Not long after, I discovered learning to manage people is really hard. It’s equally as hard to be an individual contributor. The pathway to become better at work contains a lot of ah-ha moments, mixed with the necessary pain of self-discovery.
My personal experience as a young CEO bore this out twenty years ago, as I found myself leading a team of twenty-five people. I assumed my authority came from simply being the boss. So I started telling people what to do, based on my position at the top of the organization. Trouble was, I didn’t realize I was spending most of my time talking “at” my team, not listening to them, and even less time attempting to understand them or their perspectives.
It took one of our more seasoned people at the time, Scott Sparrow, to pull me aside and say, “James, you’re usually correct, but your approach and timing are way off, and therefore nobody wants to listen or work with you.”
Ouch. Apparently, in addition to being a very poor listener, I had mastered the art of ‘saying just the wrong thing at just the wrong time.’
Great job, James. Welcome to leadership.
The Golden Rule
Left to their own devices, people generally lean on the ‘golden rule’ they learned in Kindergarten (”Treat others as you would like to be treated”). Myself—I want people to be direct with me. To the point. Brutally candid. And do it quickly so as not to waste time.
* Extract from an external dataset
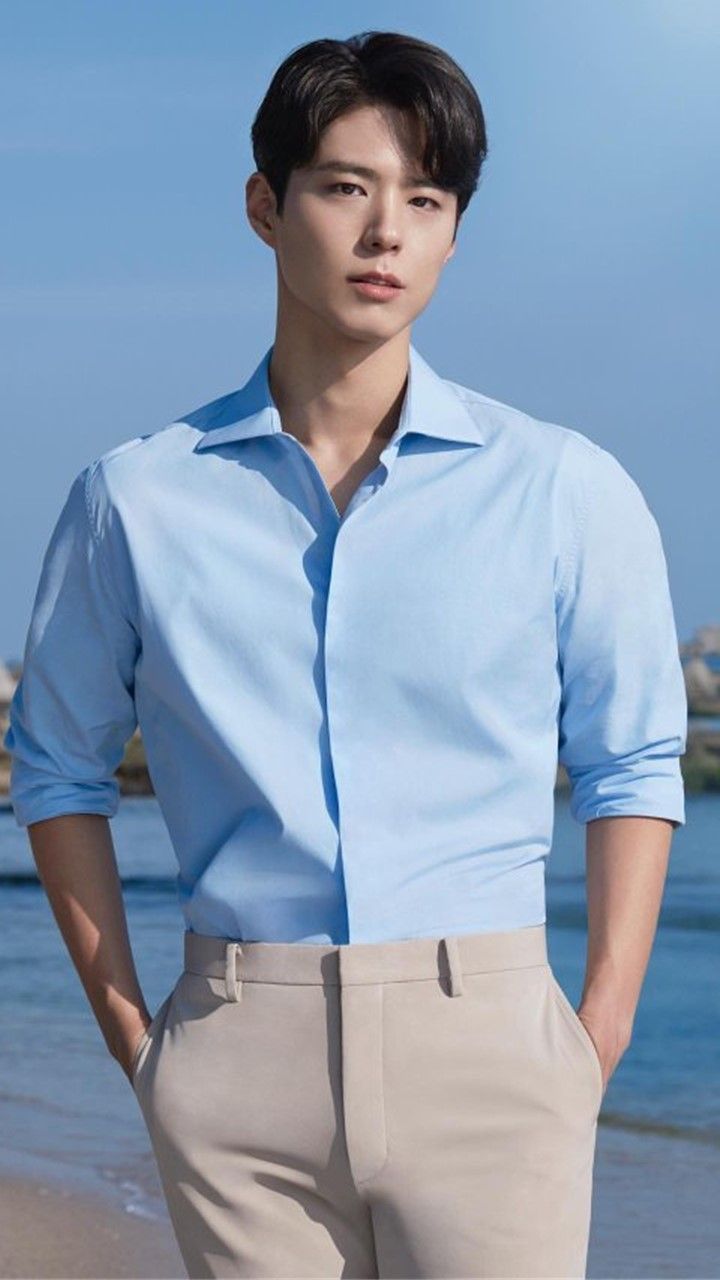 a young man standing on top of a beach next to the ocean wearing a blue shirt and khaki pants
Well, I followed the golden rule. With. Every. Single. Person.
Sounds great at first, but it's a flawed principle. People don't want to be treated in the same ways. They yearn to be treated in a way that resonates with them, their priorities, and values. So treating others the way I wanted to be treated doesn't always work. Unfortunately, most of us are not born with the uncanny ability to deftly and precisely read people, and especially not in the daily-flow of our work projects.
Eventually, I found an executive coach that helped me understand how to read people better and discover what each of our team uniquely needed from me. Using behavioral assessment tools, I learned how to ask better questions and employ curiosity with direct reports and in my meetings. And I also learned to adapt to my team’s needs, and I unlocked the ability to ask questions and make intentional decisions about how I interact with people based on what I learned.
This was invaluable.
Fast forward 25 years, many hundred learning lessons, and several companies later, my cofounder Megan and I have a shared passion for cultivating great workplaces and helping people work better, together. Yet, any leader worth their salt knows that this is no easy feat, even with a concerted, daily commitment to fostering a positive culture.
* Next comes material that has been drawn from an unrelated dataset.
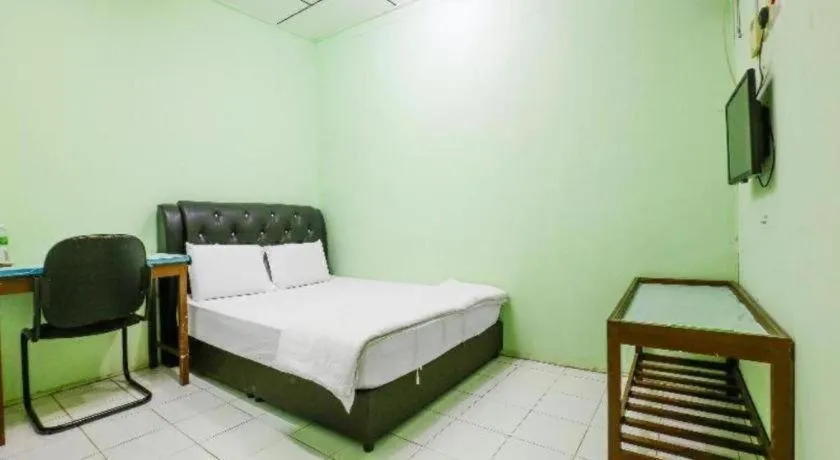 Bed in OYO 90623 Thank Q Inn 3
That, combined with my earliest leadership lessons, created Happy’s first source of truth: the cornerstones of engagement – effective teamwork, healthy communication, and genuine connections – all are contingent on first understanding each other.
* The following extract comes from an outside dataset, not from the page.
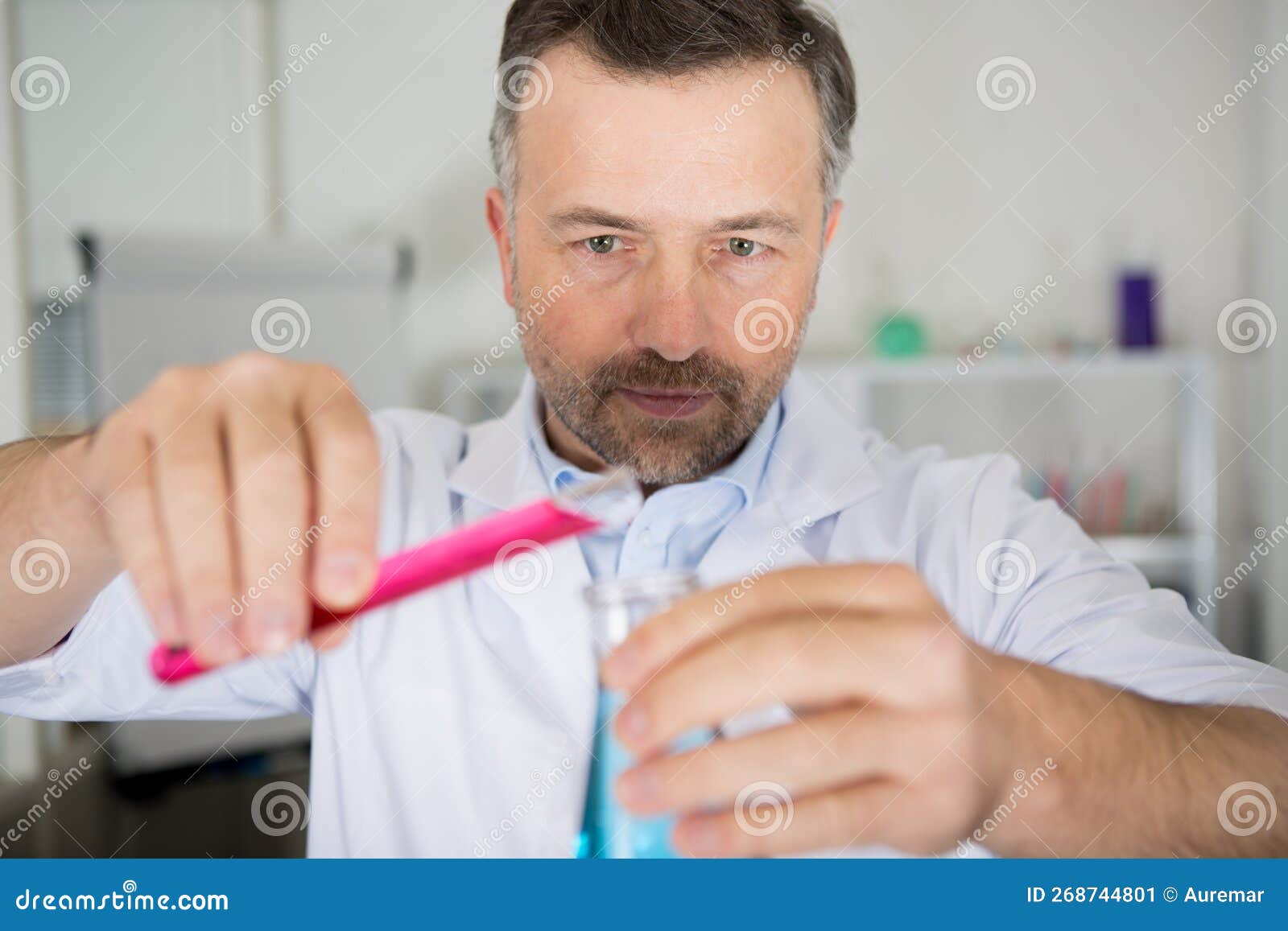 Sscientist Mixes To Liquids in Lab Stock Image Image of liquids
It made me more effective - as an individual and as a leader. As a result I could help our team achieve better outcomes. It wasn't just about people feeling good about our interactions, we were actually performing better as a result. I felt if I could share this "big win" with our team we could build on this exponentially. But how would I be able to pass this down to them effectively?
The Value of Coaching
Executive coaching was cost prohibitive for our entire company at scale. I intuitively knew that if everyone received the individualized insights and coaching I did as CEO, we could really bridge the gap with engaging people and helping them discover each other. I struggled with taking many of the same ah-ha moments I received with John and carrying them deeper into the organization.
Our company then followed a traditional playbook, deploying survey diagnostics & assessments company-wide, followed with training seminars.
Does it work? Yes, but not in a long-lasting, impactful way. Four months after the last training session—the effects faded. Time-bound diagnostics and insights were helpful—but they were not a complete solution.
It’s because the majority of workplace friction occurs simply when two people don’t think the same, behave the same, or communicate the same way, especially under stress. Basically, they are uniquely human. And humans experience different situations, emotions, and stress throughout the course of every work day or week. What you learned on a behavioral assessment four months ago isn’t that helpful when you’re uber frustrated with Susan from accounting today. If you can even remember what Susan’s workstyle is, you very probably will not recall how you should best approach her.
Unlike waiting for the next scheduled coaching session, people doing the difficult work of collaboration everyday need feedback in real time for it to make a difference. Just like the steering wheel of your car feeds back to the driver what's happening on the road, employees at work need better ways to know how they are coming across to others. This is where Happy comes in...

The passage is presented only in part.